Mr Simon Mulongo, the former deputy head of the African Union Peace-keeping Mission in Somalia (AMISOM), said UPDF was unencumbered through NEC to enter into private ventures so long as “they have capacity to enter in [the] commercial venture”.
“As long as they are not going after the mainstream UPDF and using the UPDF guns, boots or other amenities for private works … there is no problem. They should just ensure that their activities are not in breach of the Companies [Act] and the UPDF Act,” he said.
In a separate interview, the chairman of Uganda Private Security Association (TUPSA), Mr Grace Matsiko, welcomed the military’s entry into their fold, urging them to play by the rules.
“World over [the] military can supplement the national development agenda. Therefore, we hope that this will be a good and new dynamic in the business.
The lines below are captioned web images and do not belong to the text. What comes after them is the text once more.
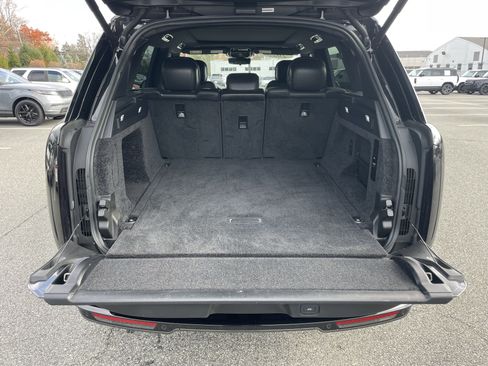 Certified 2025 Land Rover Range Rover SE image 36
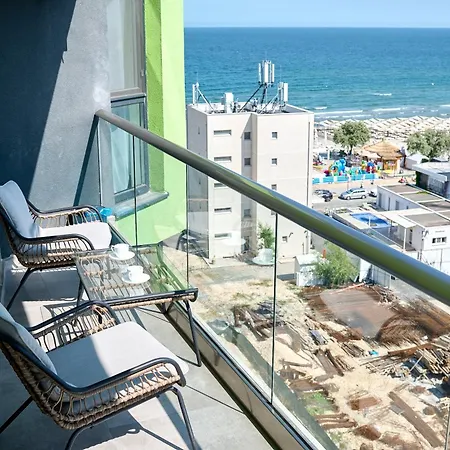 Seavibes - Pool & Spa Beach Resort Navodari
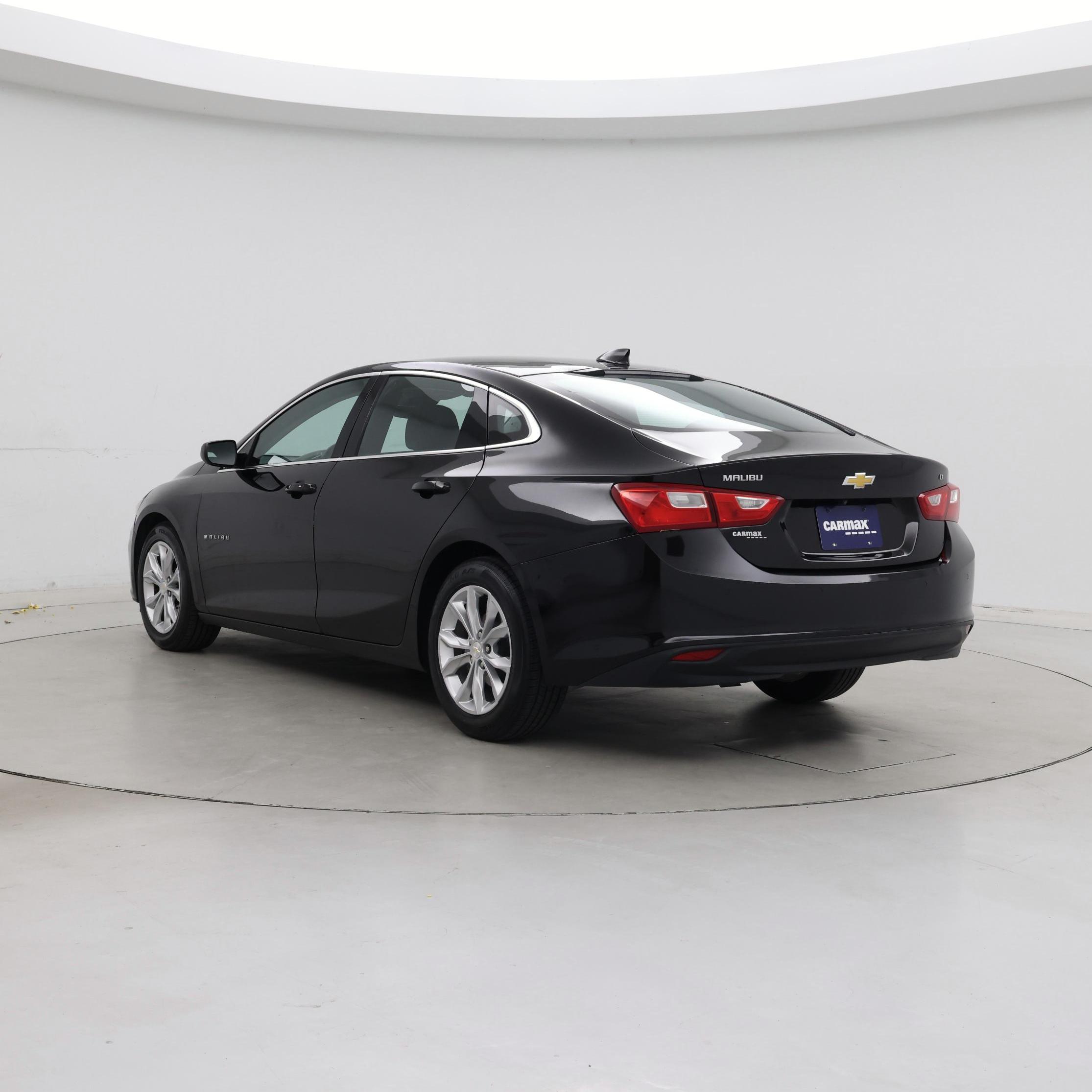 Thumbnail: 2023 Chevrolet Malibu - 2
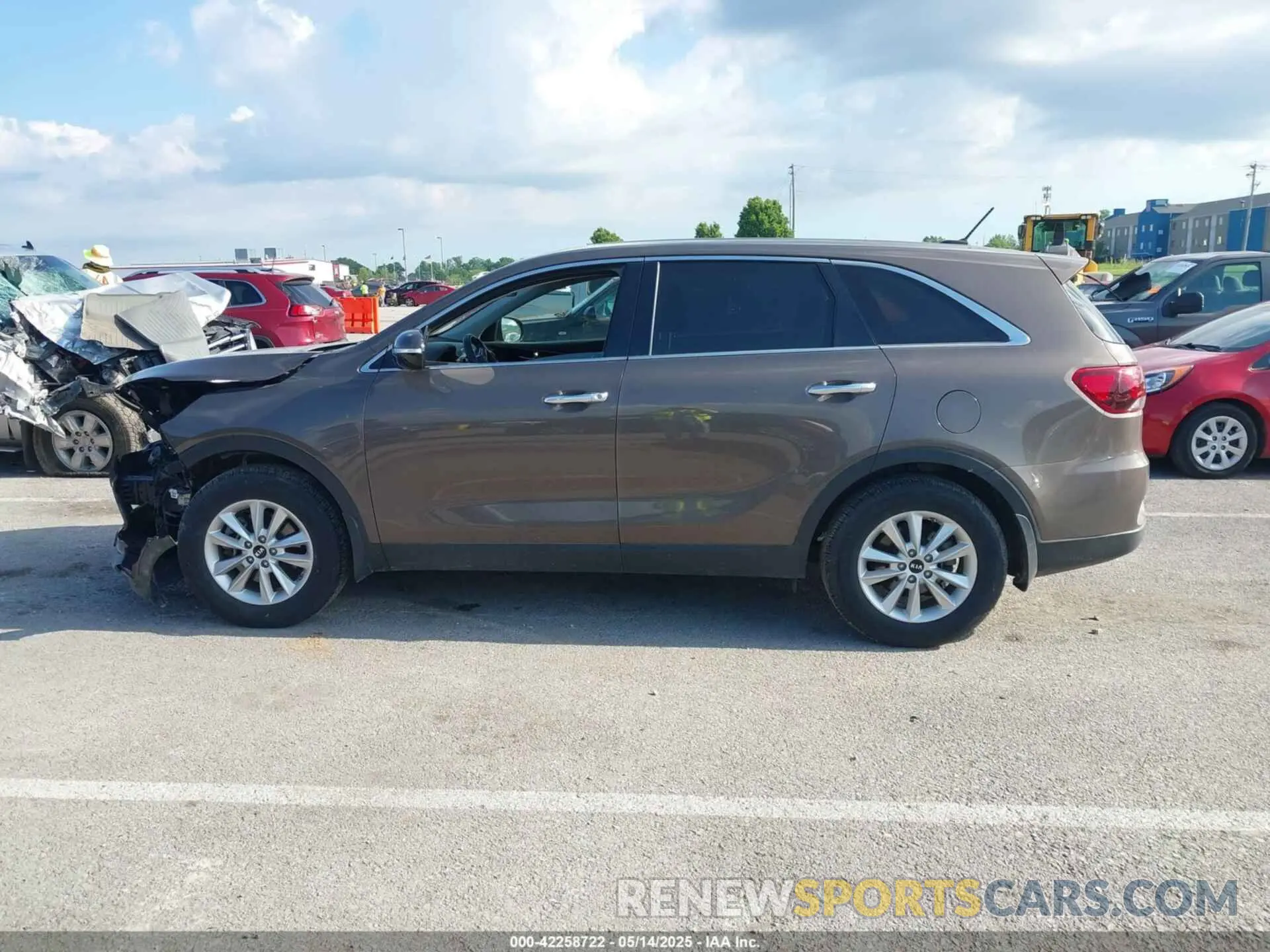 14 fotografías del automóvil dañado 5XYPG4A31KG449825 KIA SORENTO 2019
They should just play by the [rule of the] game of the current business regime,” he said.
Tainted professionalism:The folly plaguing private security guards
By last night, NEC had removed from its website logo and information about the private security outfit, which it said would, among others, provide integrated, professional and reliable security services, contribute to national security through close cooperation with ministries and support welfare of veterans through job opportunities.
Functions of NEC
· Acquire, lease, hold and enjoy any property, and sell, let or otherwise dispose of the property
· Manage, develop, let, hire or buy, subscribe for or otherwise acquire, sell, dispose of, or otherwise deal in immovable or movable property of anysort, including stocks, shares, bonds, debentures and security or any interest
· Takeover or acquire shareholdings in any company and establish subsidiary companies
· Engage in agriculture, agricultural produce and the processing, purchase and disposal of the same.
· Establish and maintain factories and similar establishments for the production of textiles, hardware, electric materials, timber, woodworks andother factory products.
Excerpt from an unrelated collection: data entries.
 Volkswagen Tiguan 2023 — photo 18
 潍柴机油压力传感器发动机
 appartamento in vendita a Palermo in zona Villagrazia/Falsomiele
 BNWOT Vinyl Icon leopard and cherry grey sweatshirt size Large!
· Engage in the business of transportation and motor assembling.
· Engage in the production of chemicals, polymers, pharmaceuticalproducts and other related products.
· Build or purchase business premises in furtherance of its functions.
· Establish and maintain offices in Uganda and abroad.
·Carry on research in relation to any of its functions or to national defence and, for those purposes, may train, organise, develop and utilise personnel.